There are good things about it. You are more inclined to say what you think. You realize you are not going to be around forever and do what you can to make peace with your world. You learn to try to stay in the present, to be aware of what is good about a day rather than how much your back hurts, or what is going on with your investments.
My new book is about my own journey into aging with a few detours back to when I was young in age, but not necessarily in spirit. Today my spirit feels young, and I have been scattering cosmos and queen anne's lace seeds where they fall. Now if I can remember that I did so and not plant them again in the same place!

Wednesday, April 21, 2010

More on Pain Associated with Loss

When I first began to study the process of loss, I refused to consider that there could be any gain associated with a terrible loss, such as that of my son. When I could be more objective, I found that there are gains, even though they do not compensate for the loss. An example is learning to take time for meanigful contact with people we care about, but are too busy to visit, or write to. Only after someone is gone, do we face the fact that we could have found the time and energy to spend more time with that person.
In other words what we learn is to reorder our priorities, and to admit that we make time for what is important to us, and that we must not take for granted that we will go through most of our lives with our loved ones alive and well.

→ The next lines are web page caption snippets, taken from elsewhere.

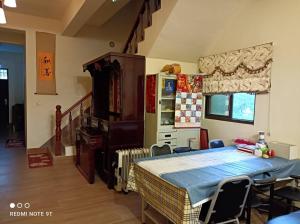 a room with a bed and a table and chairs at Kinmen 988 Homestay in Jincheng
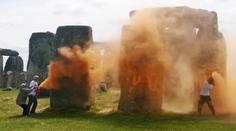 Británie je v šoku. Aktivisté posprejovali slavný monument Stonehenge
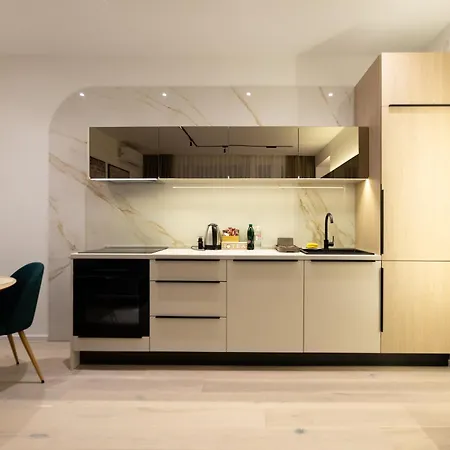 Ferhadija No1 - Designer In Old Town Appartement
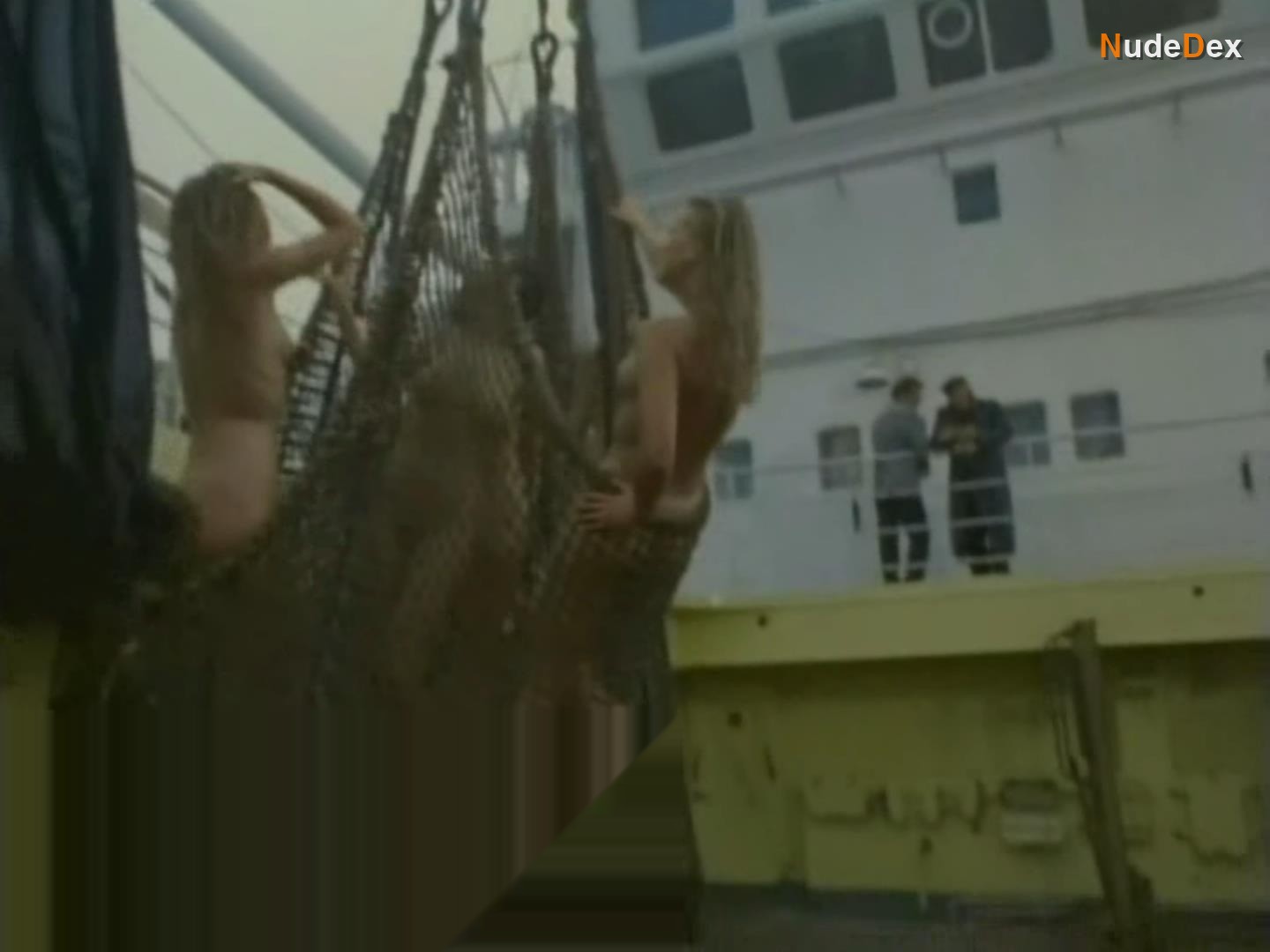Jacqueline Lovell in Black Sea 213, photo 2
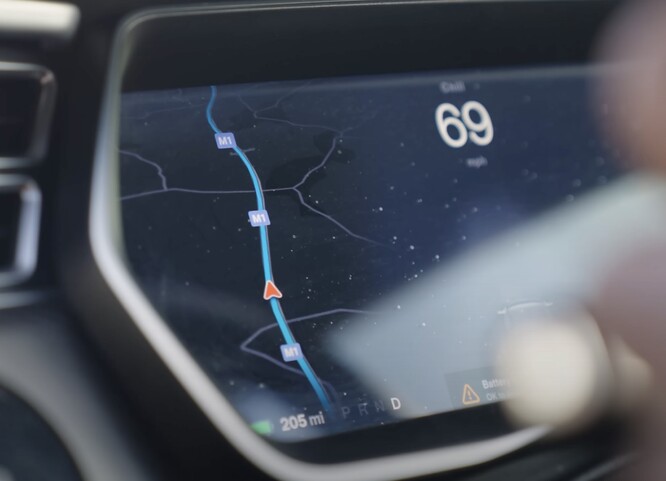 La Model S estimait initialement une autonomie de 205 miles, probablement basée sur le style de conduite économique de Paul. (Source : AutoTrader via YouTube)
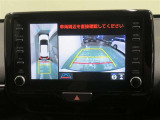 パノラミックビューモニター搭載。カメラで車両周囲の状況を映し出すため、狭い場所での駐車などに役立ちます。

Everyone has a creative side

1. Think of the most creative thing you have ever done.
2. If creating it pleased you, then it is worth your time and attention.
3. If you are too busy with your life, to play an instrument, paint a picture, or write
a story, then reorganize your time. We take time for what is important to us.
4. My poems have been written in twenty minute intervals between managing work, house, garden, volunteer work and all the other aspects of a busy life. You can do it too.
5. What did you always want to learn to do? Play the guitar, dance, grow orchids, wood carving? Now is the time to begin.
6. Remember that the process of creativity is more important than the product.

Monday, April 19, 2010

Writing through it

Ignoring the pain of loss guarantees that it will stay with you to pop out in a mystery illness. Writing through the pain means that you don't know where you are going, and when you will stop, but you confront it in your journal, in a poem a painting, or cutting back dead growth in the garden. You can't understand your reaction to misplacing your keys when it is really about the loss of an old friend, and then another. It's ok. You don't have to understand it now. When you are ready, it will emerge in a dream, in a random thought that will strike you with its clarity. Itwill beyour system's way of healing itself, of allowing you to put a negative experience into perspective, and to move on.

Wednesday, April 7, 2010

Why I write poetry

I write poetry because I have to. I spent a long career writing institutional reports, and many other writing tasks related to my job. I wrote my first book in prose, and was compelled to turn it into poetry even though I knew that it would be harder to publish. I do not write with the idea in mind of how easy a book will be to publish or how many readers it may attract. I write because I want to tell stories that would otherwise die. i write because it brings me great joy to do so.

Sunday, March 7, 2010

My third book of poetry, It's Only Raven laughing, will be released in April. Selling my books on my previous publisher's website, Farcountry Press, has been a good experience. My books have also sold on Amazon and Barnes and Noble. com.My new book will have an even larger presence online, and I am excited about the possibilities that are available.